Another comparison: the original Poltergeist is 114 minutes long. The new one is 93 minutes in duration. That’s an important distinction and one that bears mentioning. Twenty long minutes of plot/theme/character development are just...lopped off.

So make no mistake: this is the slap-jack, cliff-notes version of the story, one with no time or patience for mood, nuance, under-score or character-building. All the stuff that makes the original Poltergeist something special -- like the funeral for Carol Ann’s bird, or Dr. Lesh’s explanation of death -- is omitted here. Presumably so the theater can pack in an extra showing a day.

As a consequence of this choice to simplify the story, the Bowen family feels a lot more generic and less real than did the Freelings.  And since we don’t care or sympathize with this family to the same high degree, the new film actually takes half-a-dozen toy clowns to achieve not even fifty-percent of the scares accomplished by one toy clown in the original.

Seriously, it takes a whole clown collection to make a jump scare here work, as opposed to the original film’s build-up to that under-the-bed terror.

In fact, the presence of the clowns make no sense here.  A whole car's worth of clowns is discovered in a crawl-space outside Griffin's room.  Eric quips that people "collect" weird things, and that's the only explanation we get.

That's true, Eric.

But if you go to the trouble to collect weird things -- like all these old fashioned clowns (some made of very expensive porcelain, apparently) -- you likely aren't going to leave them behind when you move.

Especially if you have money problems. You'll either take them with you, or sell them on E-Bay in a bid for quick cash. The Great Recession Economy is also the E-Bay Economy.  Sometimes E-Bay or Craigslist money are all that gets people through the gaps between pay checks these days.

But this remake HAS to have clowns in it, right?  At the very least so you can plaster one on the poster...

Listen, I can understand remaking Poltergeist.  I can.

The two ideas of the original film, as I’ve laid out here, involve the integration of technology into our home, and the way that families respond to shifts in economic policies. Those are ideas with huge relevance and importance today, in 2015.

But this Poltergeist is lobotomized, and doesn't know how to turn those ideas into meaningful themes.  And it it doesn't even know what it's about, how can the director make form reflect content?

Oddly, the remake doesn’t even seem to have the resources behind it that the original did.  Here, for example, the house doesn’t fold up on itself in the finale.

And here, only one corpse bursts up out of the yard, instead of the virtual mob we get in the original, in the pool, in the house and in the yard.

Here, we don’t get the visual manifestations of the ghosts/demons, either, or the wall-climbing scene.
Spectacle-wise -- the one area you expect a horror film made in 2015 to improve on the 1982 original -- this film is a total downgrade. It's cut rate not just in terms of ideas, but in terms of special effects too.

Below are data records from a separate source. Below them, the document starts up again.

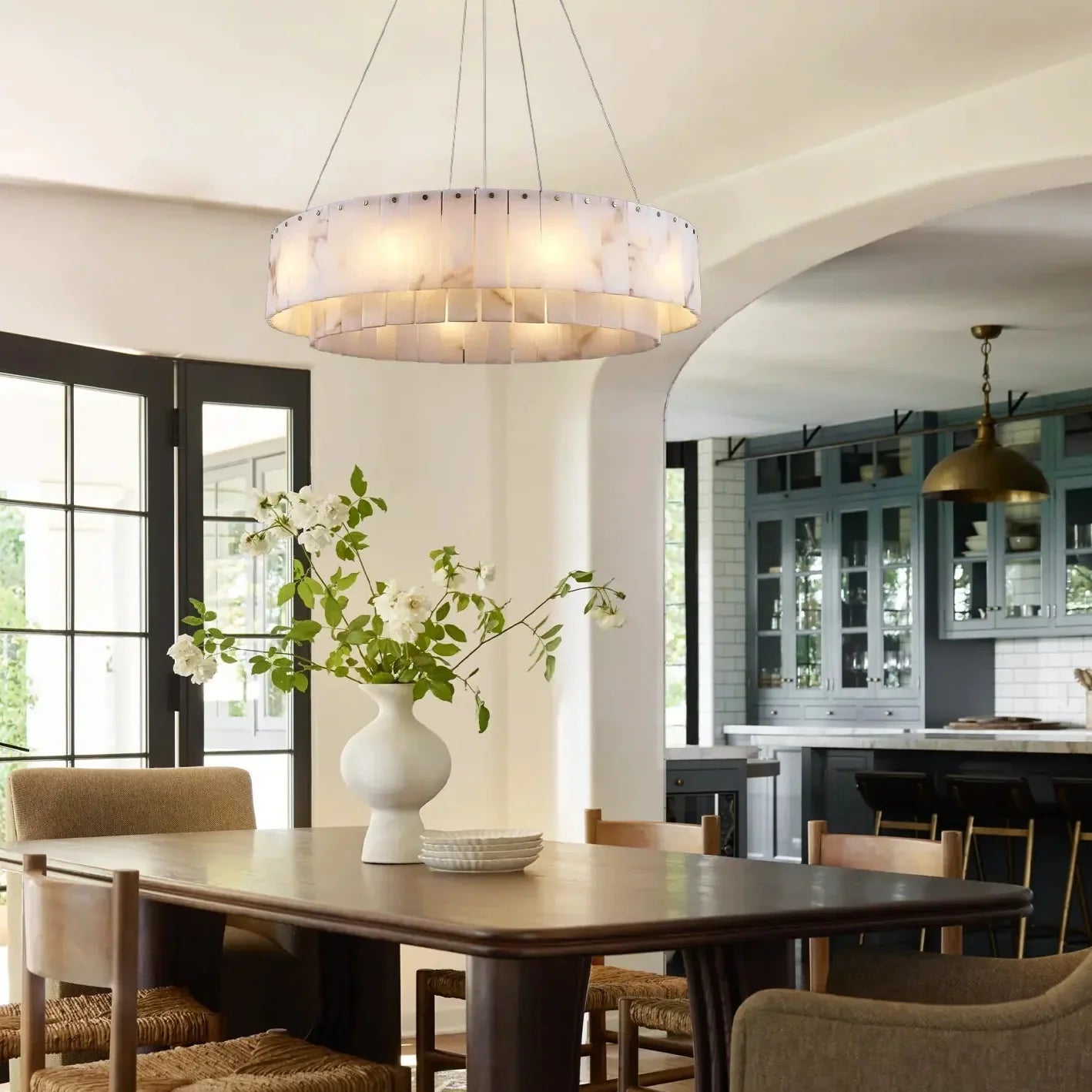 Celine Alabaster Round Chandelier 31" Fast Shipping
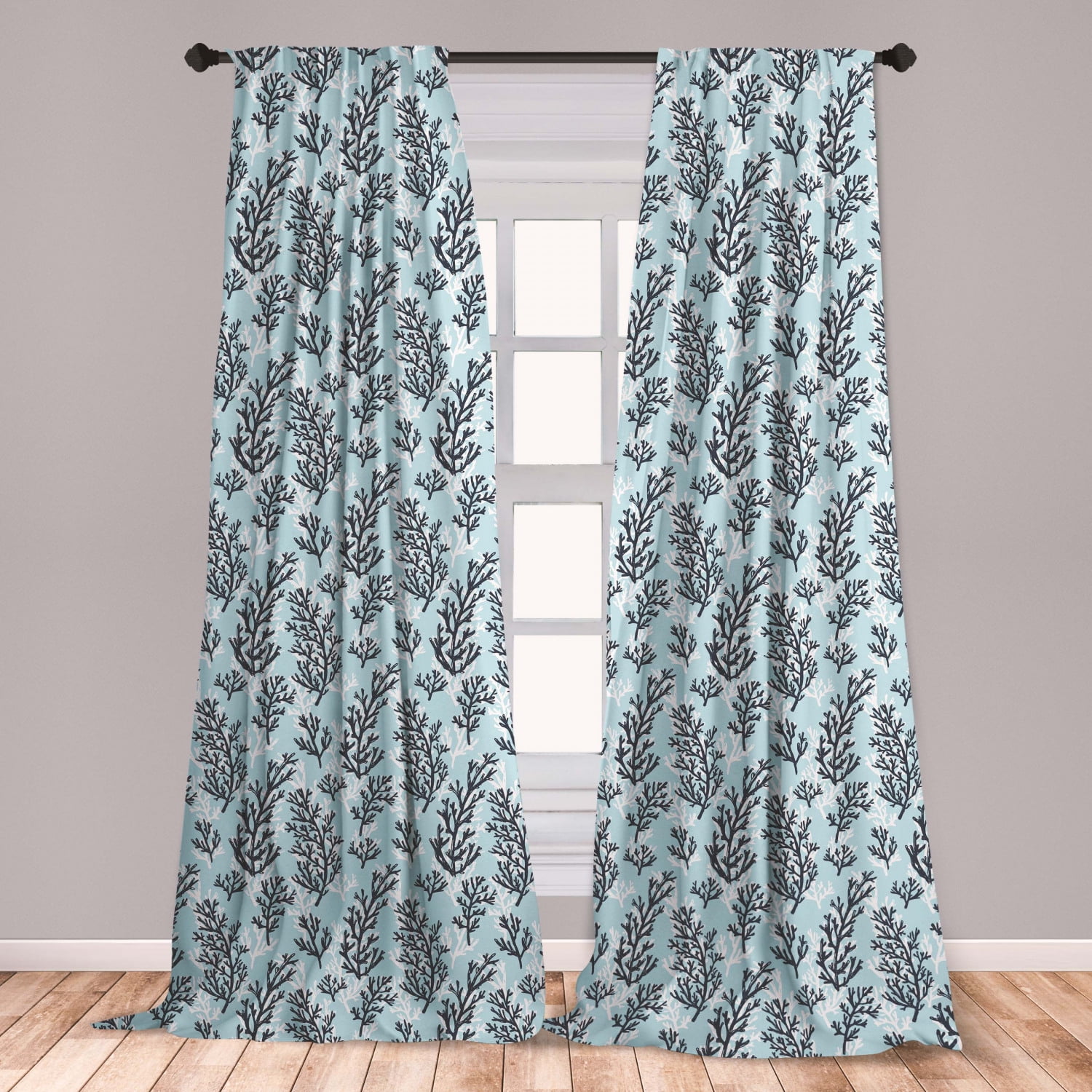 Blue and White Curtains 2 Panels Set, Hand Drawn Style Ocean Themed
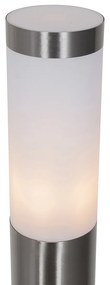 Moderná vonkajšia lampa na stĺp oceľ s opálom 80 cm IP44 - Rox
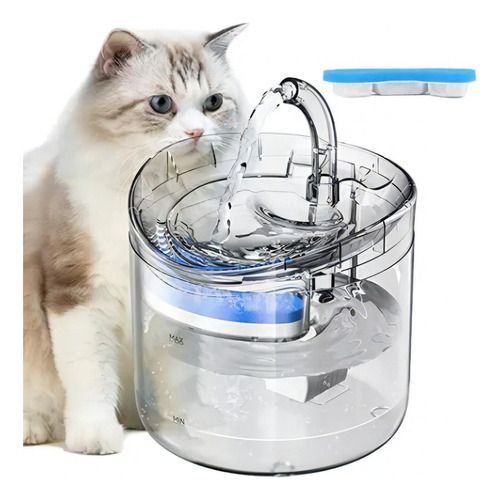 Fuente De Agua Eléctrica Usb De Color Transparente De 2.4 Litros Para Gatos Y Perros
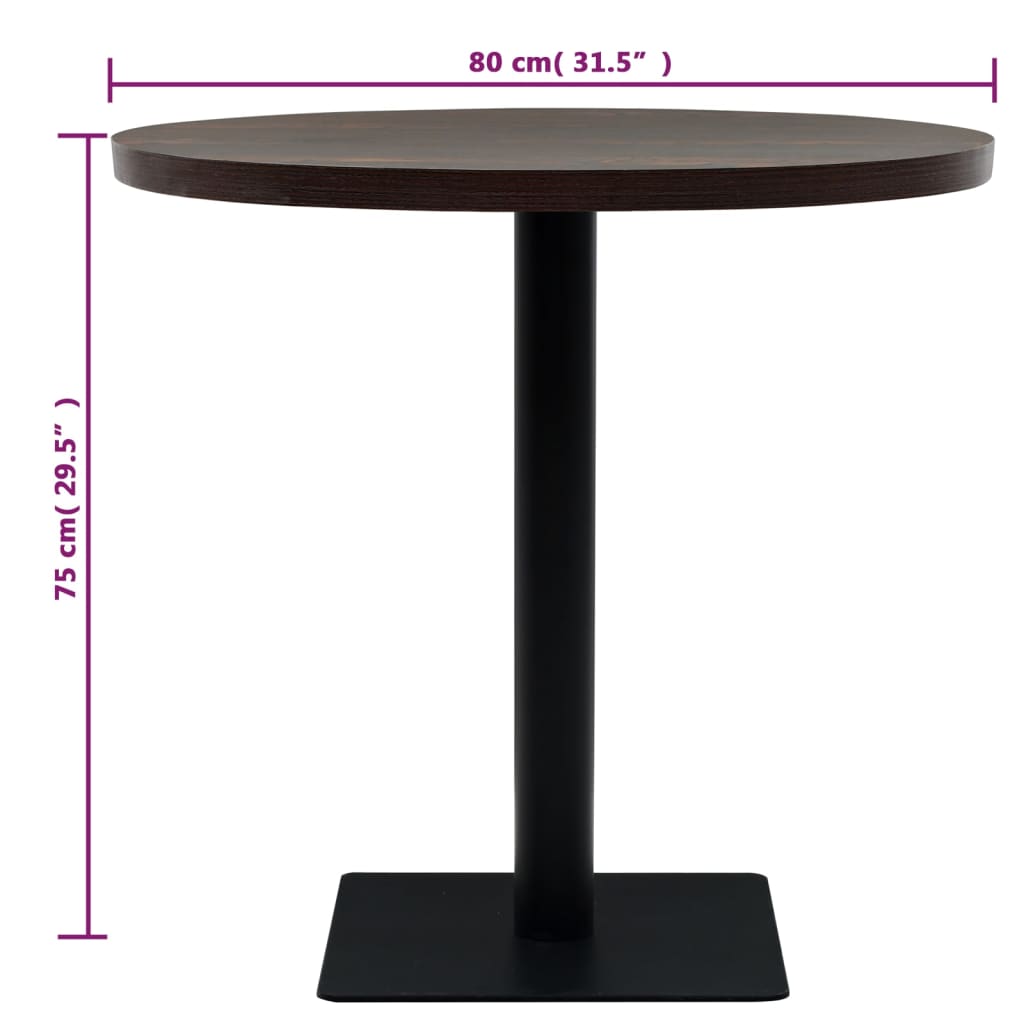 bistrobord MDF og stål rund 80 x 75 cm mørk aske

The denouement of this Poltergeist is also a debacle.  Remember how the Freelings went to a motel and kicked their TV to the curb, pushing out the portal of evil?

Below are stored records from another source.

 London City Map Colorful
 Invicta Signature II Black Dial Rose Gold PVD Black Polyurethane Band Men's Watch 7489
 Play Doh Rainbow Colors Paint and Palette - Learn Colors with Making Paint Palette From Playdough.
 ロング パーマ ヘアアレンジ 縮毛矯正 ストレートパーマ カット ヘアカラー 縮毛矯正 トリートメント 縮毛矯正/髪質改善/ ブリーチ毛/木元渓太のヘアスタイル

Here, the Bowens do the same thing…but with a new house.

And it makes no sense.  You can live without a TV in your house.  But if you won’t buy a new house, where the hell are you going to live?

Out of your car? Gimme a break.

On top of all these deficits, the new Poltergeist looks just like Insidious, The Conjuring or a dozen other modern horror movies. There’s no appeal or value to the film's visual canvass, and no sense of the camera as an active player in the drama. There’s just no classicism, no lyricism, and no poetry in this film’s color schemes or compositions. It could have been made for TV, for all its use of film grammar.

One example: remember how the original Poltergeist connected visually the static blue of the TV screen with the blue “strobe” of the Other World, thereby drawing a visual connection to theme of “portals of evil?”

Again, I don’t hate remakes as a rule.

I don't.

But boy do I hate this one. This new Poltergeist doesn't know what scares you, and worse, doesn't know how to scare you.